Wits Theatre’s annual So Solo Festival is fast becoming a barometer of the predominant undercurrents within SA society — and theatre.
Established by Wits Theatre director Gita Pather in 2013, the festival celebrates the one-person play and the chosen productions this year are among the best in its four-year history.
Identity is a strong theme, with 12 actors interrogating personal histories, values and aspirations against the turbulence of a society in flux.
Nhlanhla Mkhwanazi and Penelope Youngleson’s award-winning combination of oral tradition, song, instrumentation and physical theatre in A Man and a Dog will have its first Gauteng showing at the festival.
Also on the programme is Linda Tshabalala’s Books and Boxes, as is James Cairns’ solo improvised show James Cairns Against Humanity.
The production of Agony, conceived by the late Greg Melvill-Smith and Douglas Thistlewhite, will be performed by Wits alumnus Craig Morris. Look out too for Mark Tatham’s new work Man Up.
The So Solo 2017 commissioned play is Tracks, Maude Sandham’s poignant and deeply personal exploration of her family’s history through her grandfather Alan Sandham’s story.

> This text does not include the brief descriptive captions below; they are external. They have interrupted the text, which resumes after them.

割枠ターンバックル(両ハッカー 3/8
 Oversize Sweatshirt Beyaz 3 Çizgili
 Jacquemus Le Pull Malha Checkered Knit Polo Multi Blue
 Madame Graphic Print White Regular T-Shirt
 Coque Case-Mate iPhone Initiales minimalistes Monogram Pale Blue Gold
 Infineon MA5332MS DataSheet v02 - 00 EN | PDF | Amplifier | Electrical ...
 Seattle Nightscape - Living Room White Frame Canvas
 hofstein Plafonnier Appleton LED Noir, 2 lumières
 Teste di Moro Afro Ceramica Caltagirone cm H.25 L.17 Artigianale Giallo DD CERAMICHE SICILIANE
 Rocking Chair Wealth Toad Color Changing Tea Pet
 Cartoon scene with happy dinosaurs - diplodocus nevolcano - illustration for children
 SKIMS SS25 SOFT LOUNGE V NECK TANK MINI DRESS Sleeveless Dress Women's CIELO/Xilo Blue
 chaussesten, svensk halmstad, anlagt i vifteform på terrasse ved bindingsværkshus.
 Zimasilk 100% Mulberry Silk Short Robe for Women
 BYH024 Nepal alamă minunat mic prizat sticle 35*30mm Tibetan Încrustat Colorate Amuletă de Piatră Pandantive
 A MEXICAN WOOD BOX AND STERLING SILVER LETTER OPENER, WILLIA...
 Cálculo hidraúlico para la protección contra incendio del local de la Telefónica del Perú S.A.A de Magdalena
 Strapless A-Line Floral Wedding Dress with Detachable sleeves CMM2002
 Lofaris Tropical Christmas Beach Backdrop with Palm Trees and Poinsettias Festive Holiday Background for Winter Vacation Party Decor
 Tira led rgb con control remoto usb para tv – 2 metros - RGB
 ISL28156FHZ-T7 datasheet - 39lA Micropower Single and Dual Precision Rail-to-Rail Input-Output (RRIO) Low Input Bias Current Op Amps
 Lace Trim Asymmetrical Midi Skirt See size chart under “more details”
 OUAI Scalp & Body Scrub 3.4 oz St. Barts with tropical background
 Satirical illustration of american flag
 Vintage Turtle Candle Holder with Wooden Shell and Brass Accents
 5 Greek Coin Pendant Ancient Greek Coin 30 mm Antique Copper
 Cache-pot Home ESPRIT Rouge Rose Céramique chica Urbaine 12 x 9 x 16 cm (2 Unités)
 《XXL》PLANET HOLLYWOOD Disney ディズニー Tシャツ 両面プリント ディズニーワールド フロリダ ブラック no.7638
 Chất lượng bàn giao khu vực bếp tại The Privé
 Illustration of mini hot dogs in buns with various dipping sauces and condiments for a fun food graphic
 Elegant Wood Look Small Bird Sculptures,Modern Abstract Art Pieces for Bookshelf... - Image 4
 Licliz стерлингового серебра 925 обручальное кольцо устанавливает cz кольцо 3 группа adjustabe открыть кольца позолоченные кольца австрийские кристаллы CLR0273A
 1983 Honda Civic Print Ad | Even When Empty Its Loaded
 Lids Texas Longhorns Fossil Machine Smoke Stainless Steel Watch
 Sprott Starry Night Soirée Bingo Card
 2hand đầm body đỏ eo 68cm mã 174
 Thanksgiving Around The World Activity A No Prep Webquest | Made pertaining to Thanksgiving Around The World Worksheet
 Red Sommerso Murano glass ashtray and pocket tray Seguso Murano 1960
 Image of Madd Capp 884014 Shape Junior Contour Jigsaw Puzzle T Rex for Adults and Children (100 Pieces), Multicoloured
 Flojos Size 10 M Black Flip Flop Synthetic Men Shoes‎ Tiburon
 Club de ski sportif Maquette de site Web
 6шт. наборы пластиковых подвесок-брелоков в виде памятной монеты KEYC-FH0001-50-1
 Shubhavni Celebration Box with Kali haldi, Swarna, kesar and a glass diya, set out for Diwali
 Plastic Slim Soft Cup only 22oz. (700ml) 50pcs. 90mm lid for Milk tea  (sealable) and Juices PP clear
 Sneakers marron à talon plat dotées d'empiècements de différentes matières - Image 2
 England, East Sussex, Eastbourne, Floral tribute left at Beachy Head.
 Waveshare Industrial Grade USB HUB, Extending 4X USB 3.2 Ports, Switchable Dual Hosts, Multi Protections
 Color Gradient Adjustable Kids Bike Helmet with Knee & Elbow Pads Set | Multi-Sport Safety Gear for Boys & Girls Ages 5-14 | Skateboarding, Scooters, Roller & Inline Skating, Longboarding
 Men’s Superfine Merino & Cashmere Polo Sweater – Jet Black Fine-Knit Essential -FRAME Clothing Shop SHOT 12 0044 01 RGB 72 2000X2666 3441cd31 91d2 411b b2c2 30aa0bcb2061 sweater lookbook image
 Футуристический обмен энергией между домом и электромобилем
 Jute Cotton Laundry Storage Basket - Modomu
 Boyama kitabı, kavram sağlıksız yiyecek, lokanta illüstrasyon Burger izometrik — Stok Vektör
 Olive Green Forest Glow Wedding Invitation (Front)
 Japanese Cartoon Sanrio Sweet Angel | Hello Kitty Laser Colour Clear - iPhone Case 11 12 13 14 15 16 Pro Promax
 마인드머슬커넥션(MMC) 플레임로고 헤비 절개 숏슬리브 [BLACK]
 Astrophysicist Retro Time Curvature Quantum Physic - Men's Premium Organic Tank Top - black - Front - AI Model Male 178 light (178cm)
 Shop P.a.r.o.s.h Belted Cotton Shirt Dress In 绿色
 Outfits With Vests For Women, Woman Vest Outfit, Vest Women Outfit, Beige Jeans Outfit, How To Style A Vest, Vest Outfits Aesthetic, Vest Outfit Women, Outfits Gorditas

"I have always believed in the power of the word," says Pather. "That power is intensified in performance and never more so than in the solo performer, who for the duration of a performance grabs our attention, forces us to focus, think and reflect."
The So Solo 2017 Festival runs from September 27 to October 8 at Wits Theatre in Braamfontein.
Tickets are available through Web Tickets or directly from the Wits Theatre’s Box Office.